Colours of patriotism This exhibition is a haven for art lovers
Features Art Thursday, August 16, 2018 - 16:08

By Shwetha K Rao

Artists and art lovers across Bengaluru came together to celebrate freedom through art on the occasion of India’s 72nd Independence Day.  

The Rangoli Metro Art Center at MG Road is hosting an art exhibition, organized by a city-based NGO called Art Matters, to mark Independence Day.  

The exhibition included a live painting event outside the art gallery, which provided a platform for budding artists and art lovers in the city to showcase their skills.


The venue hosted art by an exuberant bunch of people ranging from artists, art students, children and adults from different fields who created theme-based paintings signifying their perceptions of freedom.  

The center was set up with colourful paintings and unique figurines bringing patriotism to life. The classic image of Mahatma Gandhi running the charkha was created using only metal wires.   

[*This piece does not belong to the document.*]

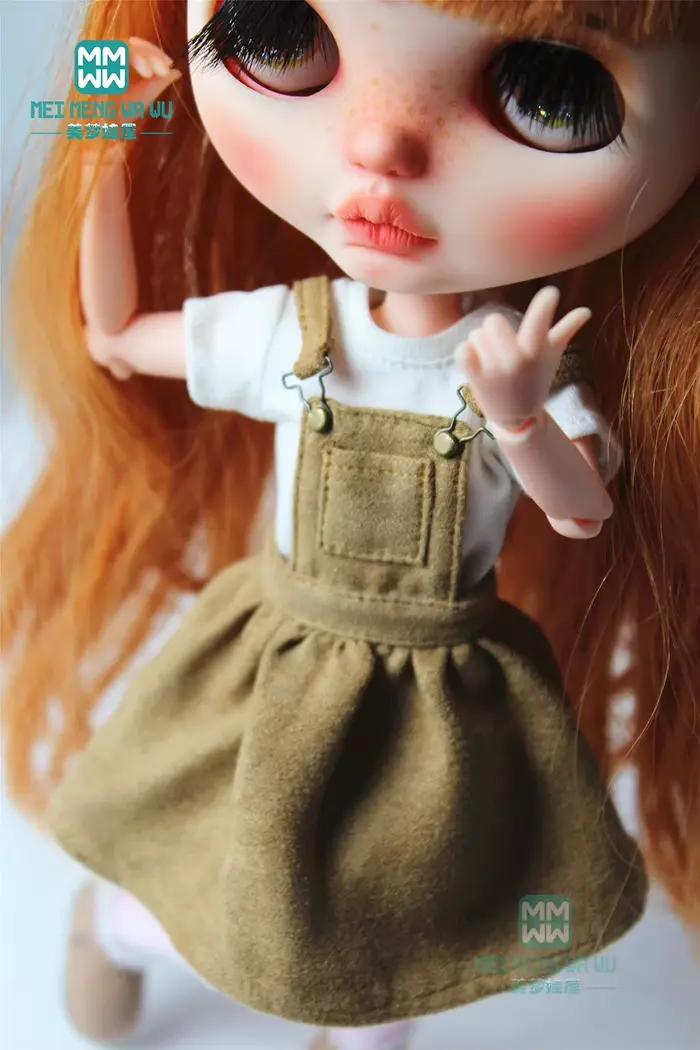 Blyth Azone OB23 OB24 – jupe à bretelles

Speaking to TNM, Raghu, the founder of the NGO said that their aim was to provide a platform for students of art.   

“There are many platforms for artists but very little for students of art. So, we organize events specifically for art students to give them an opportunity to develop and showcase their skills. This live painting event is open to all – for people to express their love for the nation.”           

The NGO collaborated with another art institution called the Ignite School of Art which parallelly conducted a painting competition for people of all age groups. This school, founded by Shole Madhu, is a mainstream art school which teaches art as a formal subject, training various people to channelize their talent into a profession.    4

“Art has become a way of life. No matter which stream the students get into, they will need art: from medicine to engineering to film industries. We have students of all ages – from 3 and 5-year-olds to 69-year-olds,” Madhu said.   

“Most people come with the notion that formal education is difficult and art is easy. But that is not the case. Art is also not easy. There is a certain amount of effort that goes into it. Therefore, we have different time periods of courses so that students can decide if they really want to study art as a subject,” she said.  

Madhu told TNM that she organises several competitions like these regularly so that more and more people, especially children, come out in the open and express themselves.   

“We even give them rewards such as medals and mementoes so that they are motivated and don’t stop expressing themselves,” she added.

The art gallery will be showcasing the paintings till August 19.